ECLI:NL:RBZUT:2003:AF9107
Rechtbank Zutphen
- Voorlopige voorziening
- K. van Duyvendijk
- Rechtspraak.nl
Verbod op demonstratie in Apeldoorn op basis van de Wet openbare manifestaties
In deze zaak heeft de Rechtbank Zutphen op 16 mei 2003 uitspraak gedaan in een verzoek om een voorlopige voorziening. De verzoekster, DWARS Groenlinkse Jongerenorganisatie uit Apeldoorn, had een demonstratie aangekondigd op 17 mei 2003 in het centrum van Apeldoorn. De burgemeester van de gemeente Apeldoorn, als verweerder, heeft deze demonstratie verboden op grond van artikel 5, eerste lid, van de Wet openbare manifestaties (Wom). De rechtbank moest beoordelen of er sprake was van onverwijlde spoed en of een voorlopige voorziening noodzakelijk was, zoals vereist door artikel 8:81 van de Algemene wet bestuursrecht (Awb).
De voorzieningenrechter heeft vastgesteld dat een verbod gerechtvaardigd is wanneer er een dreigende bestuurlijke overmachtsituatie is, bijvoorbeeld als de demonstratie naar verwachting ernstige wanordelijkheden met zich mee zou brengen.

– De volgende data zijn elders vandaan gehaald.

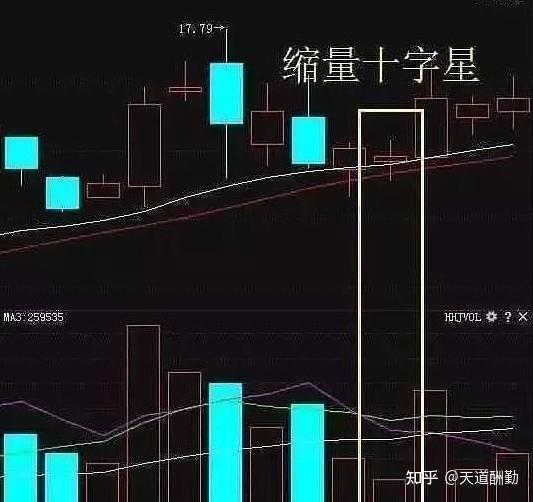 中国股市什么是杠杆炒股后果竟然如此可怕赶紧看看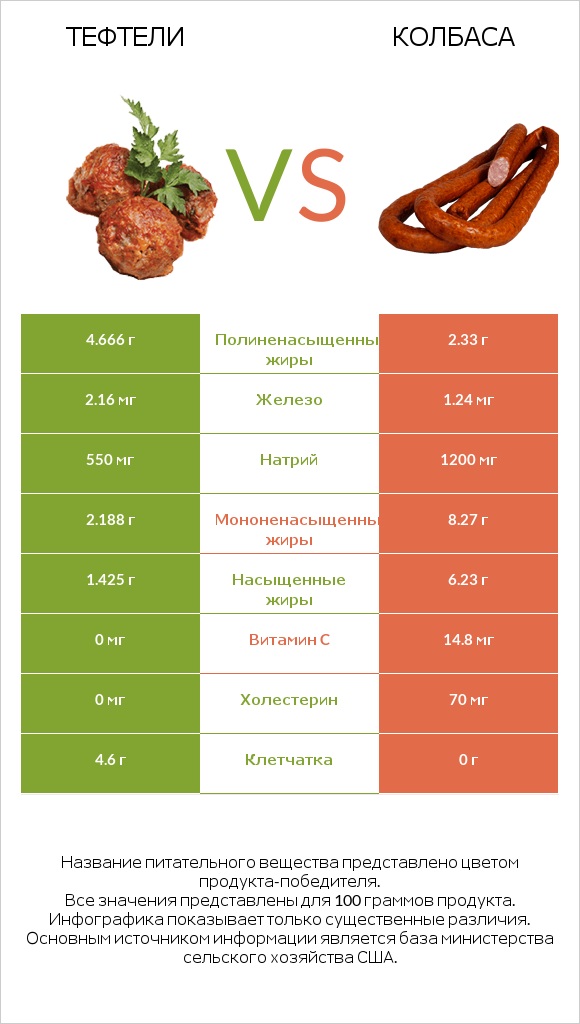 Тефтели vs Колбаса infographic
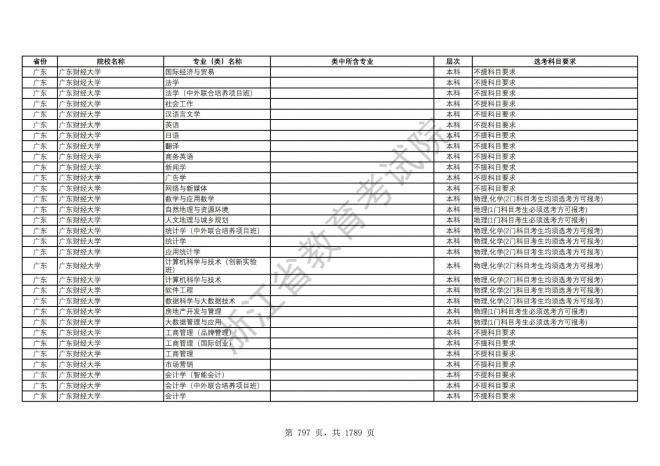 2024年浙江普通高校招生专业选考科目要求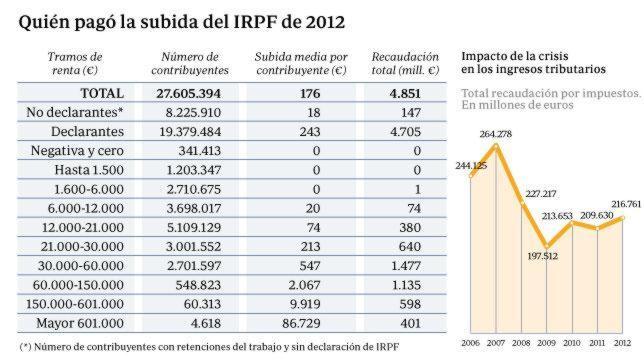 Los despidos de quienes ganen más de 20.000 euros al año pagarán IRPF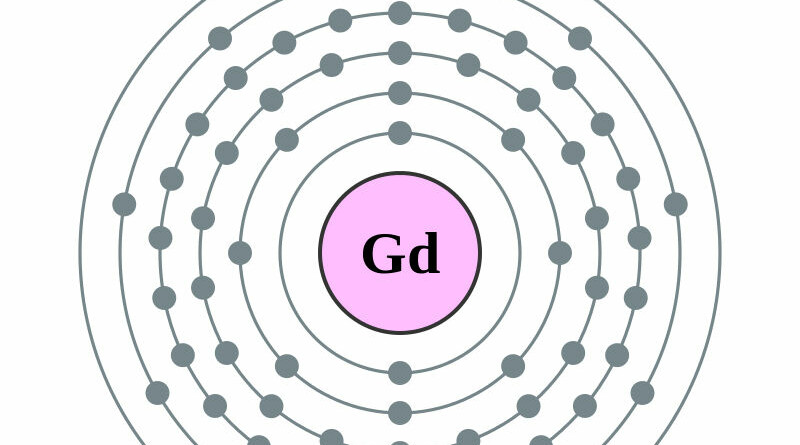 elektronenschilconfiguratie van 64 Gadolinium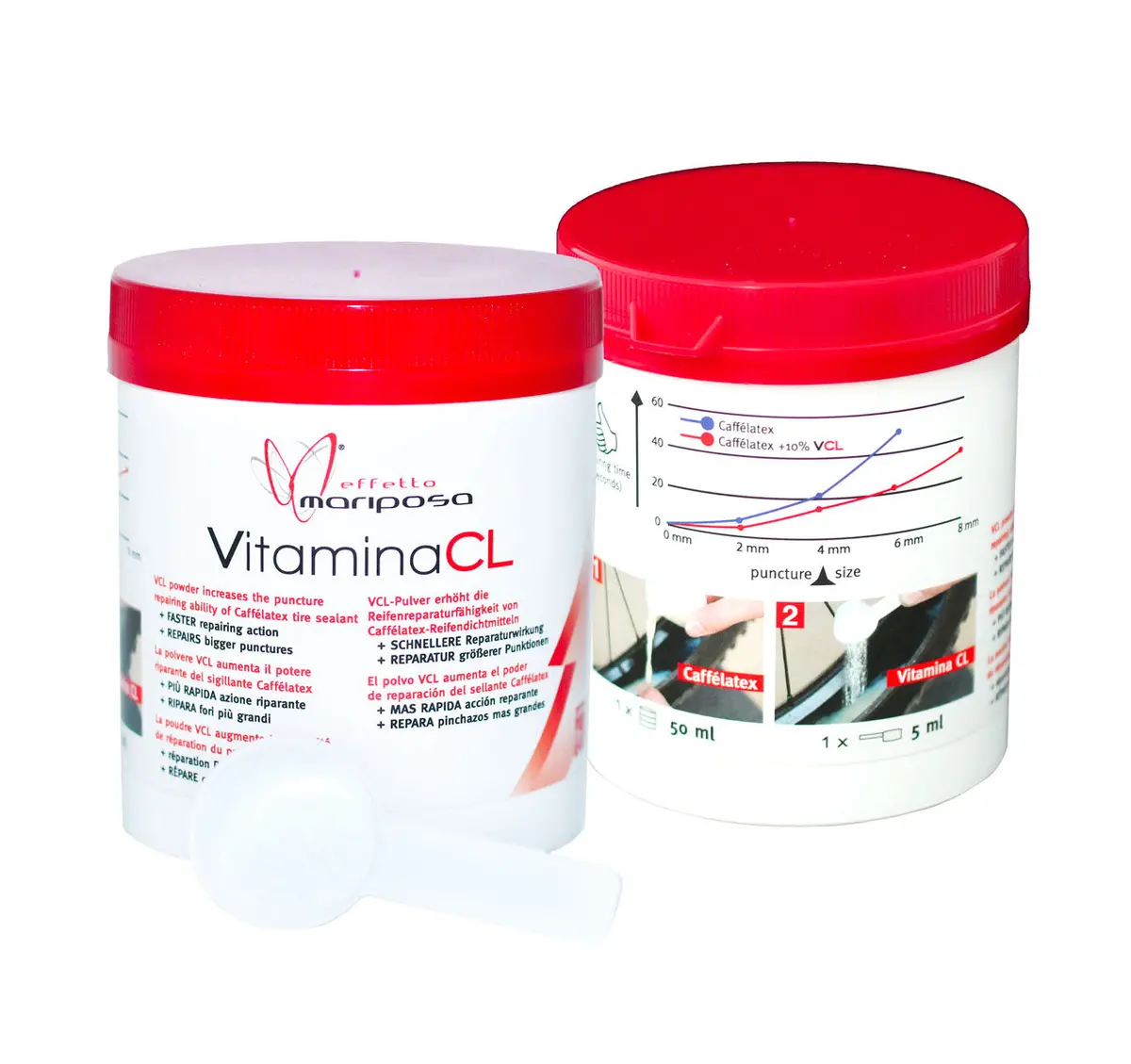 Effetto Mariposa  Vitamina Cl 1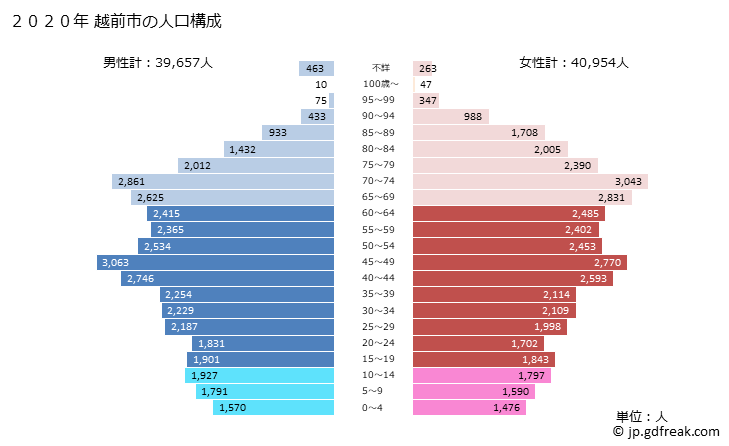 グラフ 越前市(ｴﾁｾﾞﾝｼ 福井県)の人口と世帯 2020年の人口ピラミッド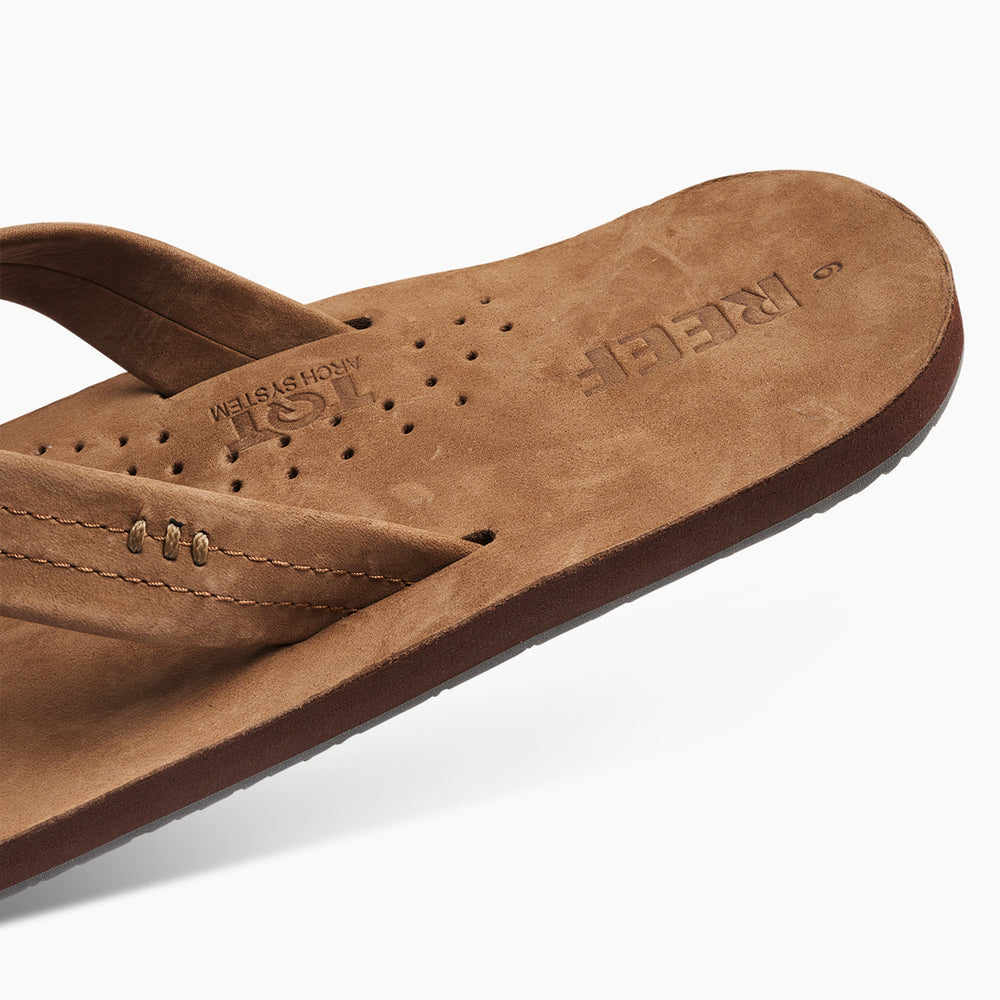 Reef Mens Draftsmen Leather Flip Flop Sandals ID JebLowR9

De voorzieningenrechter heeft in zijn overwegingen de motivering van de burgemeester gevolgd en geconstateerd dat er voldoende redenen waren om aan te nemen dat de veiligheid van burgers en goederen in gevaar zou komen.
De voorzieningenrechter heeft ook rekening gehouden met eerdere uitspraken en het dossier van een andere procedure met betrekking tot een aangekondigde demonstratie op dezelfde datum. Uiteindelijk heeft de rechtbank geoordeeld dat er geen aanleiding was om de gevraagde voorlopige voorziening toe te wijzen en heeft het verzoek afgewezen. Er zijn geen termen aanwezig voor een proceskostenveroordeling. De uitspraak is gedaan met toepassing van artikel 8:83, derde lid, van de Awb.